These two ideas expressed in the main and concurring opinions are not identical, because in the main opinion the duty was imposed upon the agent “to deliver the policy within a reasonably short time after its receipt”; while in the concurring opinion the duty was imposed upon the agent to deliver the policy within a reasonable time after the request of such delivery by the applicant.

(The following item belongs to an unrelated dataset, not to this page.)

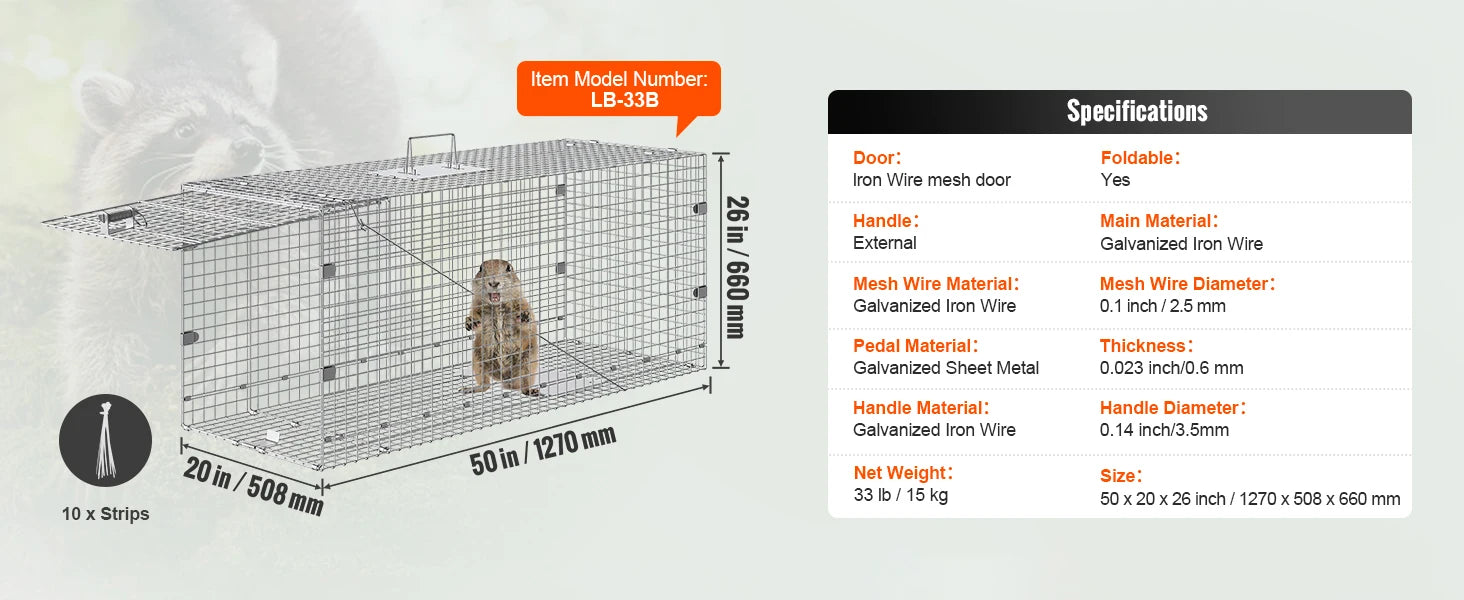 SucceBuy Live Animal Cage Trap Humane Cat Rodent Control Folding with Handle for Rabbits Stray Cats Squirrels Raccoons Groundhog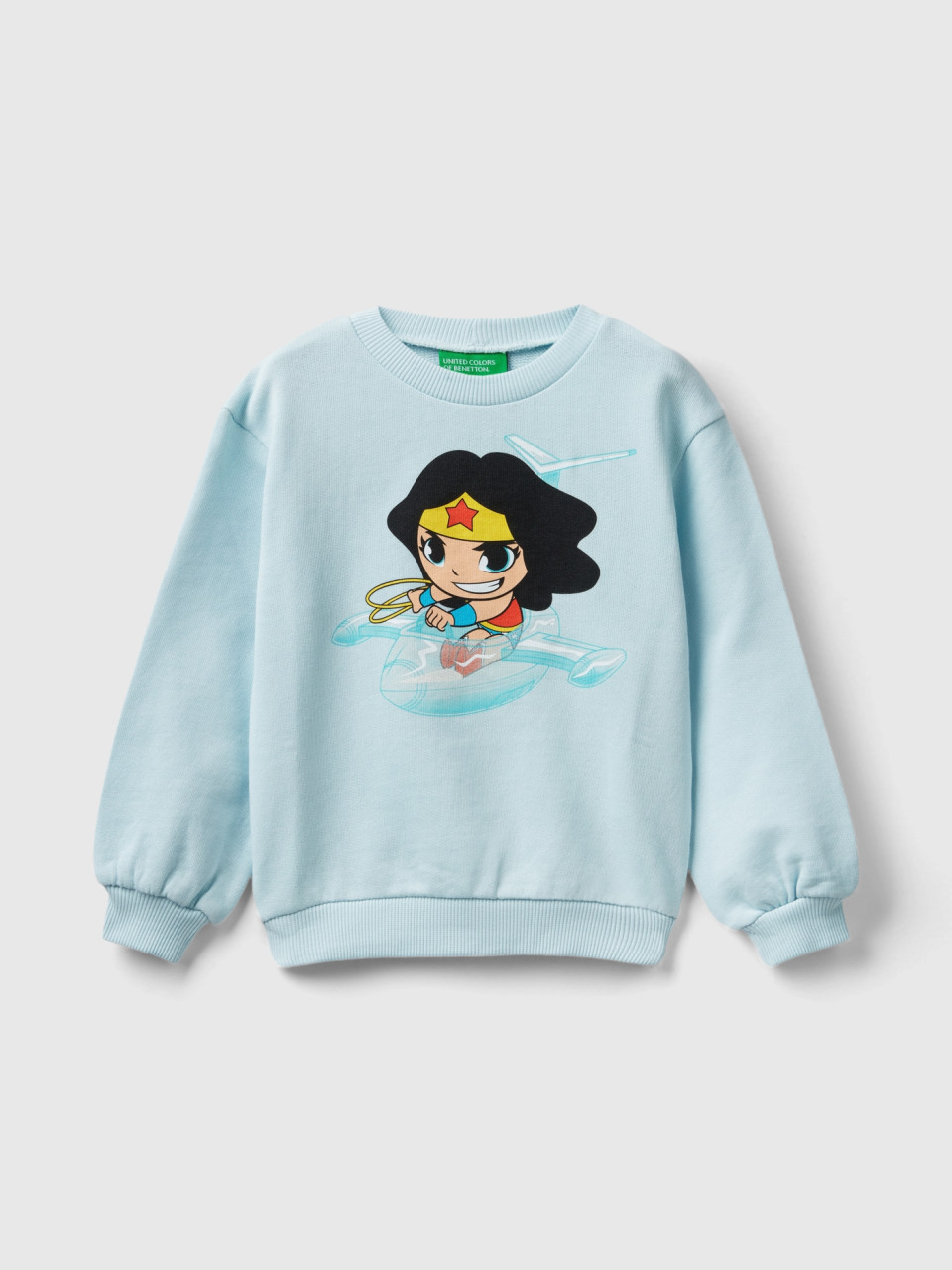 Benetton, Wonder Woman ©&™ Dc Comics Sweatshirt, Aqua, Kids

But it is unnecessary for us to determine whether the Fox case was correctly decided or not, because the facts in the present case preclude the application of the rule of liability announced by the Court therein. Immediately upon receipt of the policy the agent undertook to deliver it to Sturgill. He went to Sturgill’s boarding house and found that he had been transferred to Winston-Salem. On the very next day he wrote Sturgill’s foreman, for -.whom he also had a policy of the same kind, advising him of the receipt of the policies and requesting instructions. This letter was shown to Sturgill, and thereupon on 26 October the agent was advised that Sturgill, as a matter of fact, was not ready for the delivery of his policy at that time, but that he would be ready to take the policy and pay the premium about the first of the month. This instruction from Sturgill was clearly equivalent to a declaration to the agent that he was then not ready, able, and willing to pay the first premium, and would not be ready to comply with the terms of the contract until after the first of the month. Sturgill was killed before any advice was given to the agent of the defendant that he was ready to take the policy and pay the premium; indeed, Tharington testified that at the time of Sturgill’s death they had not received their pay.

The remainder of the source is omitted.